* _TASK TO CARRY OUT_: Would you please return the line containing "Kenia Travel Souvenir" and all the lines after it through the end of the records below, unchanged and on their own?

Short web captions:
______________________________

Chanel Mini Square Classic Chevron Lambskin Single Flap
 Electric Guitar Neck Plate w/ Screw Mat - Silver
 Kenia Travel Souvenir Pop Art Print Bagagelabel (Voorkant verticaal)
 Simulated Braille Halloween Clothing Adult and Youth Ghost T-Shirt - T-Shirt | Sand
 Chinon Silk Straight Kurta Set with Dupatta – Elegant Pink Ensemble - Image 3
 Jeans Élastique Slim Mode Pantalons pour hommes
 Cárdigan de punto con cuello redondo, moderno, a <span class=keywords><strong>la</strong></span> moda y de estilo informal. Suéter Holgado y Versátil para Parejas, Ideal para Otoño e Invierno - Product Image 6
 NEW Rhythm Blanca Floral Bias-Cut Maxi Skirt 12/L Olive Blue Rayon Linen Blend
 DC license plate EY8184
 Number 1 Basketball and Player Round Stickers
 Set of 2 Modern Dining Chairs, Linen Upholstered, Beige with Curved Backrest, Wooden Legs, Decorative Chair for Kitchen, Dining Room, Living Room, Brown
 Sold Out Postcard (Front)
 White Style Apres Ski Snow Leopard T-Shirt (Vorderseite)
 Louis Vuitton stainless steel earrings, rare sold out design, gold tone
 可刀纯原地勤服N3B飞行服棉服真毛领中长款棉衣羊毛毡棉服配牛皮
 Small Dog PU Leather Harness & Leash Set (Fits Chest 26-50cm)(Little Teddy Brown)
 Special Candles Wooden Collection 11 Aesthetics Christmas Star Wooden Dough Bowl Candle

______________________________

* _WRITTEN SOLUTION_:
 Kenia Travel Souvenir Pop Art Print Bagagelabel (Voorkant verticaal)
 Simulated Braille Halloween Clothing Adult and Youth Ghost T-Shirt - T-Shirt | Sand
 Chinon Silk Straight Kurta Set with Dupatta – Elegant Pink Ensemble - Image 3
 Jeans Élastique Slim Mode Pantalons pour hommes
 Cárdigan de punto con cuello redondo, moderno, a <span class=keywords><strong>la</strong></span> moda y de estilo informal. Suéter Holgado y Versátil para Parejas, Ideal para Otoño e Invierno - Product Image 6
 NEW Rhythm Blanca Floral Bias-Cut Maxi Skirt 12/L Olive Blue Rayon Linen Blend
 DC license plate EY8184
 Number 1 Basketball and Player Round Stickers
 Set of 2 Modern Dining Chairs, Linen Upholstered, Beige with Curved Backrest, Wooden Legs, Decorative Chair for Kitchen, Dining Room, Living Room, Brown
 Sold Out Postcard (Front)
 White Style Apres Ski Snow Leopard T-Shirt (Vorderseite)
 Louis Vuitton stainless steel earrings, rare sold out design, gold tone
 可刀纯原地勤服N3B飞行服棉服真毛领中长款棉衣羊毛毡棉服配牛皮
 Small Dog PU Leather Harness & Leash Set (Fits Chest 26-50cm)(Little Teddy Brown)
 Special Candles Wooden Collection 11 Aesthetics Christmas Star Wooden Dough Bowl Candle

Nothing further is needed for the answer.